Given a scenario, can an AI model accurately predict the trajectory of moving objects? Can it use knowledge of friction and mass to anticipate the result of objects colliding? These are innate abilities we may take for granted, but attempts to replicate them reveal their complexity.

The first project we’ll review isn’t a complete physics system, but it notable for the way it integrates object momentum in a object-detection system. YOLO, short for “You only look once”, is a groundbreaking object-detection system that combines the region proposal and classification steps into one fast regression computation. This system can identify and track objects in real-time. In 2016 PhD student Guanghan Ning released an ingenious modification to YOLO called ROLO. While YOLO would lose track of car moving behind a tree, ROLO could accurately track the car even though it was temporarily obscured by a tree. “Recurrent YOLO for object tracking”, or ROLO, included a long short term memory network, or LSTM. This gave the system a memory of an object’s location and the ability to forecast it. Using the memory, the system learned the speed and momentum of an object, and could estimate it’s position when moving behind an obstacle like a wall, tree, etc. 

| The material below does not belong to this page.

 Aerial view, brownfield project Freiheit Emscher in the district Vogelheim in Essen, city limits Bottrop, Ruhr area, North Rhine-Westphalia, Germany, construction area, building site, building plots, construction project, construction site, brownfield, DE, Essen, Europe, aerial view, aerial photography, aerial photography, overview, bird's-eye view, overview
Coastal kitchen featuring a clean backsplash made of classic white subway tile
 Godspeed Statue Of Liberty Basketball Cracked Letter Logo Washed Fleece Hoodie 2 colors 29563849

ROLO added a temporal dimension to predict trajectory. Source: http://guanghan.info/projects/ROLO/

MIT published Galileo in 2015. This system combined deep learning and 3D physics modeling. The researchers set up a simple scenario: an object sliding down an incline and colliding with an object at the bottom. The deep network would estimate physical properties of the two objects. These included mass, friction coefficient, 3D shape, and position. These variables were then applied to a 3D simulation of the same scenario. The 3D physics engine would simulate the sliding and collision of these objects. A tracking algorithm would also calculate the velocity of the real object. With these estimated and recorded inputs, the system simulated and predicted the outcome of the collision. When asked “How far will the object travel after collision?”, humans were accurate 75.3% of the time, while Galileo achieved 71.9% accuracy. Though impressive, this approach requires the physics scenario to be strictly defined.

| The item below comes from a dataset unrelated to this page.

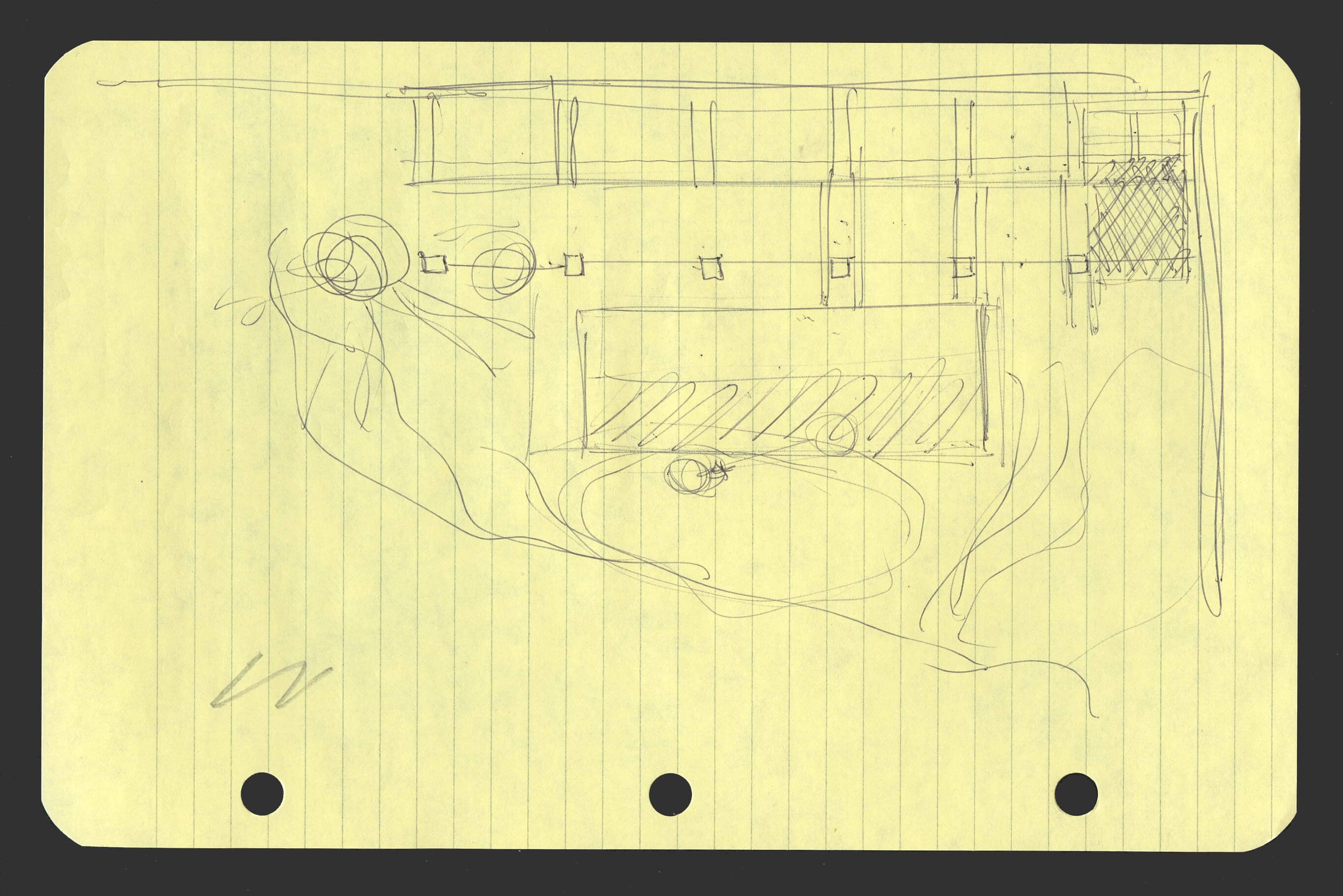 Concept sketch for placement of the barn.  At the top of the sketch and to the left, a pin...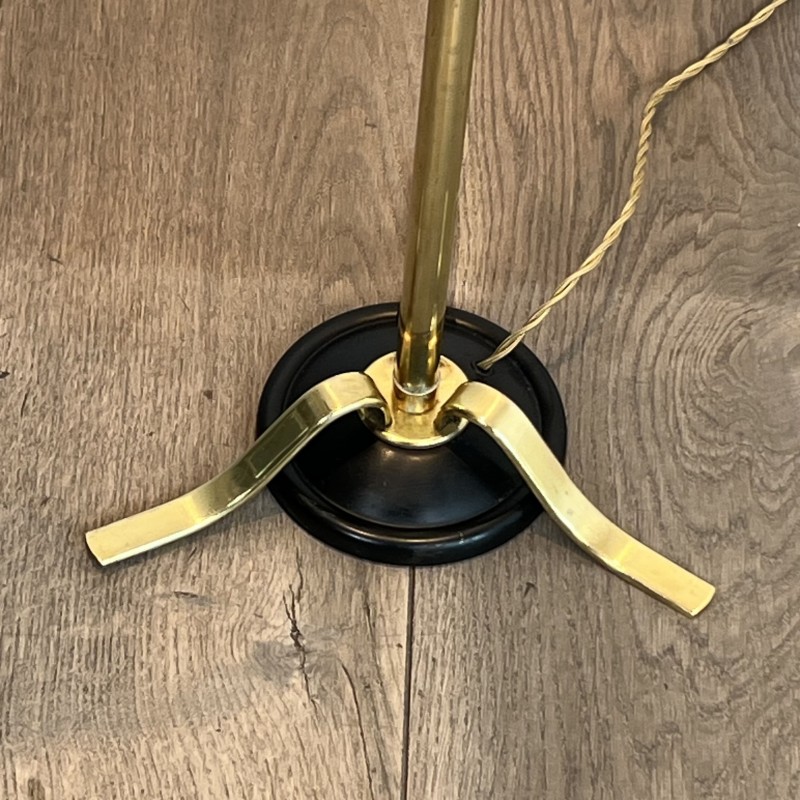 Brass Floor Lamp with a Shaft Ringed in Black, Tripod Base | Maison Barrois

Galileo uses both 3D simulation and real-world tracking

The next paper attempts to predict physics in a more versatile manner than Galileo. Given an input image and object of focus, the model can automatically infer the correct physics scenario and forecast trajectory. “Newtonian Image Understanding: Unfolding the Dynamics of Objects in Static Images” comes from the Allen Institute for Artificial Intelligence
and the University of Washington. The model consists of two branches. The first is given a video frame with a mask highlighting the object of interest. The second branch is trained on a 3D animation of 12 physics scenarios. Given the input image, the system predicts the correct movement, and then predicts the current state (is the ball already flying though the air or is it at rest?). Though impressive in its versatility, this system is limited to 12 physics scenarios and lacks a thorough internal physics model.

In “Learning Physical Intuition of Block Towers by Example” (2016), Facebook AI Research demonstrated a deep convolutional network that could predict the stability and trajectory of stacked blocks. This approach differs from the above in that it did not leverage 3D modeling for prediction. Instead, this approach relies entirely on deep learning. The models performed well compared to human subjects, and could generalize to unseen scenarios. The figure below shows the model’s results on two scenarios. The figures contain the input image (left), the true outcome (top black background), and the predicted outcome (bottom black background). 

Though an array of modern AI physics systems exist, none achieve the versatility and understanding of human cognition. The approaches may utilize prior physics knowledge in the form of 3D modeling, or they may be fully-deep and infer physics knowledge during training. Both approaches have advantages and disadvantages, and both achieve impressive performance in their test scenarios.